Platelets are small, flattened, disc-shaped blood cells without a nucleus. Their deficiency or excess in the body negatively affects the patient’s health, which is especially noticeable at a younger age. Thrombocytopenia is a disease that causes a lack of platelets in the blood of children. Read more about what this is and what parents should do in such a situation later in the article.


Platelets

What platelet level is considered low?

The optimal level of these blood cells is 150-400 *109/l. If this indicator drops below 150*109/l, the patient is diagnosed with thrombocytopenia, due to which the blood stops clotting.
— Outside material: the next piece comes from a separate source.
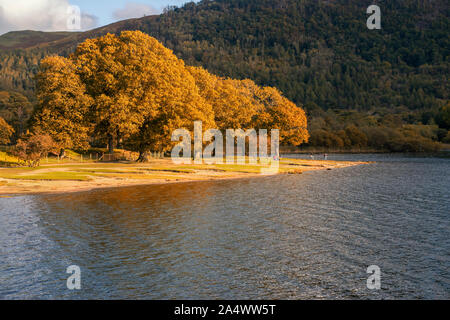 Derwentwater ist eines der wichtigsten Organe des Wasser im Lake District National Park in North West England. Stockfoto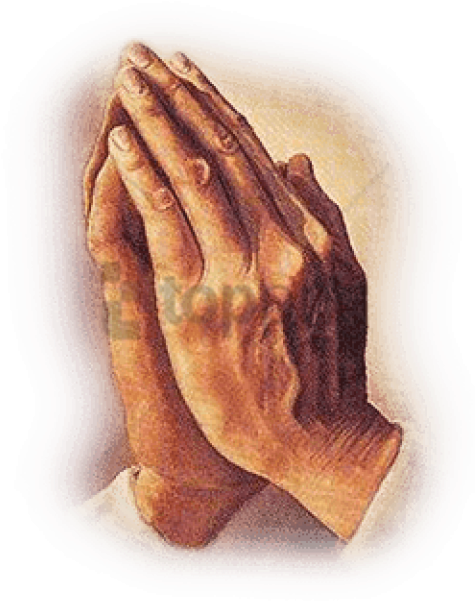 Free Png Download Hands Praying Vintage Png Images - Pray For The Victims (480x651), Png Download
Thrombocytopenia can be a separate disease or a sign of various diseases. To accurately establish the cause of its development and select appropriate therapy, the patient is sent for additional examination.

Norms

Causes of thrombocytosis in children

In medicine, it is generally accepted that the causes of thrombocytosis can be:

  • erythremia – increased formation of blood platelets by red bone marrow;
  • too slow “utilization” of platelets – this usually occurs when the spleen is removed;
  • impaired distribution of platelets in the bloodstream - most often observed against the background of mental or physical fatigue.

If a high level of platelets is detected in blood tests, the doctor will have to determine the true cause of the development of such a pathological condition, for which additional examinations of the patient will be prescribed. In children, thrombocytosis can develop at any age, but parents should be aware that such a diagnosis is made by doctors even with a minimal increase in the number of platelets in the blood.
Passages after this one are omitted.